Margarethe Schurz

Through her older sisters Amalie and Bertha, she came into early contact with the "Society of German Catholics" and later attended the "School for the Female Sex".

After her older sister Bertha divorced her husband Friedrich Traun, she entered a new marriage with the excommunicated priest Johannes Ronge, the founder of the schismatic German Catholics.

In 1851, Bertha and her spouse, Johannes Ronge, opened the England Infant Garden in Tavistock Place, the first Kindergarten in the English-speaking community.

Margarethe Meyer taught at the England Infant Garden before moving to Watertown, Wisconsin with her husband Carl Schurz.

In Watertown, Wisconsin, they started a small farm, where Margarethe's gift for financial affairs put them at an advantage.

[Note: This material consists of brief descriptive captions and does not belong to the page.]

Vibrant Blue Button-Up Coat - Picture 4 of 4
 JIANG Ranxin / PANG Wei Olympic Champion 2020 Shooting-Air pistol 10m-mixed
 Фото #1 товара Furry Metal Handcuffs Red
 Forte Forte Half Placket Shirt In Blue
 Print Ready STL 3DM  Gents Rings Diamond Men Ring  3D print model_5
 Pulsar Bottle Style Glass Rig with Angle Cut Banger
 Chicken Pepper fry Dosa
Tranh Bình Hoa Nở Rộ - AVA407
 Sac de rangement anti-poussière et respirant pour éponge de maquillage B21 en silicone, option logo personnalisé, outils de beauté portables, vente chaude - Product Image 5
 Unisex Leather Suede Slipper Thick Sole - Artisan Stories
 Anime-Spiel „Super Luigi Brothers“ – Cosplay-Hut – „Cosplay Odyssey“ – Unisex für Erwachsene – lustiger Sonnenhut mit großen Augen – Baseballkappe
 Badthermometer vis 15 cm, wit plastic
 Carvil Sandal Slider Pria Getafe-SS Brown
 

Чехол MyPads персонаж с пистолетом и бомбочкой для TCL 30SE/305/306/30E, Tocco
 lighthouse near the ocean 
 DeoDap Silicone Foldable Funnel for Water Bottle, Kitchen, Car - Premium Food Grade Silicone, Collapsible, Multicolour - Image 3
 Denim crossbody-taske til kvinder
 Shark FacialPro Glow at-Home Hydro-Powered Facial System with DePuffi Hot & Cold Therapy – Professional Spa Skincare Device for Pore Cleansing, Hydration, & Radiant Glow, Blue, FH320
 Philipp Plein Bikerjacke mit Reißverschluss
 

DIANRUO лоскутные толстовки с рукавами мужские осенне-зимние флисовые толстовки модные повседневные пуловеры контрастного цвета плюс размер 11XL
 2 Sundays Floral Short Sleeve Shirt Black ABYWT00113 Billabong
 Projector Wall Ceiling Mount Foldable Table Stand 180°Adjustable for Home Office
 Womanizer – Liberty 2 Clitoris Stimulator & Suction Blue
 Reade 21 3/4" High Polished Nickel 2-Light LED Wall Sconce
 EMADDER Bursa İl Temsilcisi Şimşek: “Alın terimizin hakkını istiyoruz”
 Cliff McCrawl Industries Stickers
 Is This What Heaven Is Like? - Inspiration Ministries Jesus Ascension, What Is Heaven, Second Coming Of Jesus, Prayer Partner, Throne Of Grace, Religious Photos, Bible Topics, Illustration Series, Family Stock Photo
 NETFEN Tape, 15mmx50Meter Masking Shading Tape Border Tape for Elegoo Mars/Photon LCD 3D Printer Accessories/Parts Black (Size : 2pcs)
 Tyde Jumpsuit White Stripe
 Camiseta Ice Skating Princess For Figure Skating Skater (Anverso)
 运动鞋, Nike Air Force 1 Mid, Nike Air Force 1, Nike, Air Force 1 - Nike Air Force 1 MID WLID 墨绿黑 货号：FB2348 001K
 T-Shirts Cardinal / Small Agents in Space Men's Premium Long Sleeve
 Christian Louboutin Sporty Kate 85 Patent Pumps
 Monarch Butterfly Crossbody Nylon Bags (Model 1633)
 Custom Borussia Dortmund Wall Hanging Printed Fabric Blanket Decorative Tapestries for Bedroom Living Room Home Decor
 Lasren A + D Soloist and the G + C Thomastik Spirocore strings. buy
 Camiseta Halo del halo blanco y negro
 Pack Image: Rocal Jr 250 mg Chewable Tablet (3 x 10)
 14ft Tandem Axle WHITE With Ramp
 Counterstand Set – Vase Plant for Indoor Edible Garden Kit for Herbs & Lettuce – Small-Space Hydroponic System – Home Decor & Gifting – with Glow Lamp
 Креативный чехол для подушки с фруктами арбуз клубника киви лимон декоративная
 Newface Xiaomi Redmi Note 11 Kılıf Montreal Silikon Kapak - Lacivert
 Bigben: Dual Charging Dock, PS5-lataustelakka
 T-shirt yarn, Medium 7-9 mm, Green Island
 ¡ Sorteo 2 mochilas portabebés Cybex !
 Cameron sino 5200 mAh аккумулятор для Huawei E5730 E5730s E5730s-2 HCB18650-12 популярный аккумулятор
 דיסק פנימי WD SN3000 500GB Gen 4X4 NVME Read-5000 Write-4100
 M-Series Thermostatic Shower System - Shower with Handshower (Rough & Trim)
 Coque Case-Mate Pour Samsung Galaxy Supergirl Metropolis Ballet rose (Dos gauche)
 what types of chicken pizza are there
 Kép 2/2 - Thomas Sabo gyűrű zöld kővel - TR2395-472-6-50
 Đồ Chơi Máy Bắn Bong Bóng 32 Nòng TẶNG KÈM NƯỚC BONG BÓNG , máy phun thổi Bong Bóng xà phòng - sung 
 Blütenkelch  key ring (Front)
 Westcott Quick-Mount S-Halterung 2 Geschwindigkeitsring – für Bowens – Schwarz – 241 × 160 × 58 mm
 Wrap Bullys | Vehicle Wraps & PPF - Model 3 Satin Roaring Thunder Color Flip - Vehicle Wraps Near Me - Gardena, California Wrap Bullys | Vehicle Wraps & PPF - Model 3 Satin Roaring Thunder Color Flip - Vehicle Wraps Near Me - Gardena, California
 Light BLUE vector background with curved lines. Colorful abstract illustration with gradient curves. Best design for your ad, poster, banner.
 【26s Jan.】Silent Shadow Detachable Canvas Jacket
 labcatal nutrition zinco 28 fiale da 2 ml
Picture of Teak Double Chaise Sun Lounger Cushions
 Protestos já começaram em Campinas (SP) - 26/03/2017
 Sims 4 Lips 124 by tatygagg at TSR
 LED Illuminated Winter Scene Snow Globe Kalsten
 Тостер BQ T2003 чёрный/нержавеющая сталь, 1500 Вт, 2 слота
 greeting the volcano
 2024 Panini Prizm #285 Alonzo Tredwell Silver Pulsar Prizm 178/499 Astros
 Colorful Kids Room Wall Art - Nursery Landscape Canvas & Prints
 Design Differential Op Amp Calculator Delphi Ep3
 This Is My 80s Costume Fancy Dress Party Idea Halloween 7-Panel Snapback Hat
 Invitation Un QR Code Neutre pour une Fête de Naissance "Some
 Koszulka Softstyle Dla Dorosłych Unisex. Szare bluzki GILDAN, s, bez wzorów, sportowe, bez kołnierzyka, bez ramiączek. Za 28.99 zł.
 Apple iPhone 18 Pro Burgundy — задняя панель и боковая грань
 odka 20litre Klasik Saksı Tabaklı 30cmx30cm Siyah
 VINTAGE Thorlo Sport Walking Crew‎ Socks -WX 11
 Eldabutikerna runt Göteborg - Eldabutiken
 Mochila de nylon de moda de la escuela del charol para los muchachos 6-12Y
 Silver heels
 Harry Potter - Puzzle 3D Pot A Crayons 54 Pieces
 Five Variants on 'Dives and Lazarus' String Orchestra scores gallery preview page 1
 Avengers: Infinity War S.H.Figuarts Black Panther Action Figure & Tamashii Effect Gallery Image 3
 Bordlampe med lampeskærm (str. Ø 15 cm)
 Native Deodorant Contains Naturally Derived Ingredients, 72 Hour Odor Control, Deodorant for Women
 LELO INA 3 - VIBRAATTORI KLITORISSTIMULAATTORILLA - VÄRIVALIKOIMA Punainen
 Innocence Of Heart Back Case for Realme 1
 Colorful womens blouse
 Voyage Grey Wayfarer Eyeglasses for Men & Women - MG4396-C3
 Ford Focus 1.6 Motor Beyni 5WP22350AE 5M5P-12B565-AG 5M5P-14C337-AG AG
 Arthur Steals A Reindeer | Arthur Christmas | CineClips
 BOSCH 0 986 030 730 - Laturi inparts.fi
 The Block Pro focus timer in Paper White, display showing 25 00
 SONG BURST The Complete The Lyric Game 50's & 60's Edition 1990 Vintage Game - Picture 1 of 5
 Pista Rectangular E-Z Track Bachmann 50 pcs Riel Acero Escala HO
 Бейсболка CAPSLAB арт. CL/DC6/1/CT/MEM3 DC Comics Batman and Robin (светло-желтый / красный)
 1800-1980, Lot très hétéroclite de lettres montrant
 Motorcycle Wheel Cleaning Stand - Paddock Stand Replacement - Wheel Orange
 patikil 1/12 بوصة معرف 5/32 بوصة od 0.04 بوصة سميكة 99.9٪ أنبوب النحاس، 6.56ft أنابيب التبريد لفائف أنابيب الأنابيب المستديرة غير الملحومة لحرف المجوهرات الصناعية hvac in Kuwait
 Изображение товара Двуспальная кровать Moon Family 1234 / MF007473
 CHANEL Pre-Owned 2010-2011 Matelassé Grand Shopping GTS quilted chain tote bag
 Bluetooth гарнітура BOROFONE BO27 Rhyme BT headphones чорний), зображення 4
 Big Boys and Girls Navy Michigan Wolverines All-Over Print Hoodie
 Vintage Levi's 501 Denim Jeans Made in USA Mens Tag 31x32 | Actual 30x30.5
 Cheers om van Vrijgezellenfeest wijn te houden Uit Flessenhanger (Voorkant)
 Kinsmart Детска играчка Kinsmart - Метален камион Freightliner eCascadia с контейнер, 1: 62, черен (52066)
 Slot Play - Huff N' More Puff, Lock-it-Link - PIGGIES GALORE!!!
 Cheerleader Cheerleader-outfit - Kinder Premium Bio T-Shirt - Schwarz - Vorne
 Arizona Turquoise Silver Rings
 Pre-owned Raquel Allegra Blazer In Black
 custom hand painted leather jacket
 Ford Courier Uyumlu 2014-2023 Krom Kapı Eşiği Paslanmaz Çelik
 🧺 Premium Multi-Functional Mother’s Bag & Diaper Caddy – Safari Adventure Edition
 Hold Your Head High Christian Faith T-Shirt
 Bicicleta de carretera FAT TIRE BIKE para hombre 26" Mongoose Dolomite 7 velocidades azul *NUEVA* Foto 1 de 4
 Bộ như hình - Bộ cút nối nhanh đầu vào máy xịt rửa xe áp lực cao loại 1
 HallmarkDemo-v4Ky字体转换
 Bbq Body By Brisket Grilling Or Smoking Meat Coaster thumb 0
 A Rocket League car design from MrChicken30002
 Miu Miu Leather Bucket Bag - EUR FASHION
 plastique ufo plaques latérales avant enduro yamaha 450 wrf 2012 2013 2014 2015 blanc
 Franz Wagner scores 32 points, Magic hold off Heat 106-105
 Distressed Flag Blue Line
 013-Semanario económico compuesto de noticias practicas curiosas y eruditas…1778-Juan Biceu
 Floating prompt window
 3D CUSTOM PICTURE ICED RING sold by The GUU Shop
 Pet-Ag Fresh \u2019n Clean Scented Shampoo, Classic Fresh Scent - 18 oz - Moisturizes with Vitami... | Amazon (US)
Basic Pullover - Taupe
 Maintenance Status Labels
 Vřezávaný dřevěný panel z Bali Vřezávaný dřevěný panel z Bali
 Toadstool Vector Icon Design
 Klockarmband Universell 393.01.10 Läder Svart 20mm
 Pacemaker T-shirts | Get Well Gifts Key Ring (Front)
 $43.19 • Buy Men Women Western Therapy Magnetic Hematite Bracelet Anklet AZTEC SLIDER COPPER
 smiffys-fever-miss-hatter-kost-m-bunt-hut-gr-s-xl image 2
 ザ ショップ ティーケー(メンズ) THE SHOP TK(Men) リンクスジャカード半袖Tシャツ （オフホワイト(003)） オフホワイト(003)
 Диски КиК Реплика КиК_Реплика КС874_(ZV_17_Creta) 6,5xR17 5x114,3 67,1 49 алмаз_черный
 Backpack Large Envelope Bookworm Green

She employed Fröbel's philosophy while caring for her daughter, Agathe Schurz, and four neighborhood children in Wisconsin, leading them in games, songs and group activities channeling their energy and preparing them for primary school.

While Mrs. Schurz's health became such that she could not continue with her work, Peabody became a nationally known advocate of early education, and helped bring kindergartens into widespread use.

The restored first kindergarten building originally stood at the corner of N. Second and Jones Streets, Watertown, and was later moved to the grounds of the Octagon House in December 1956.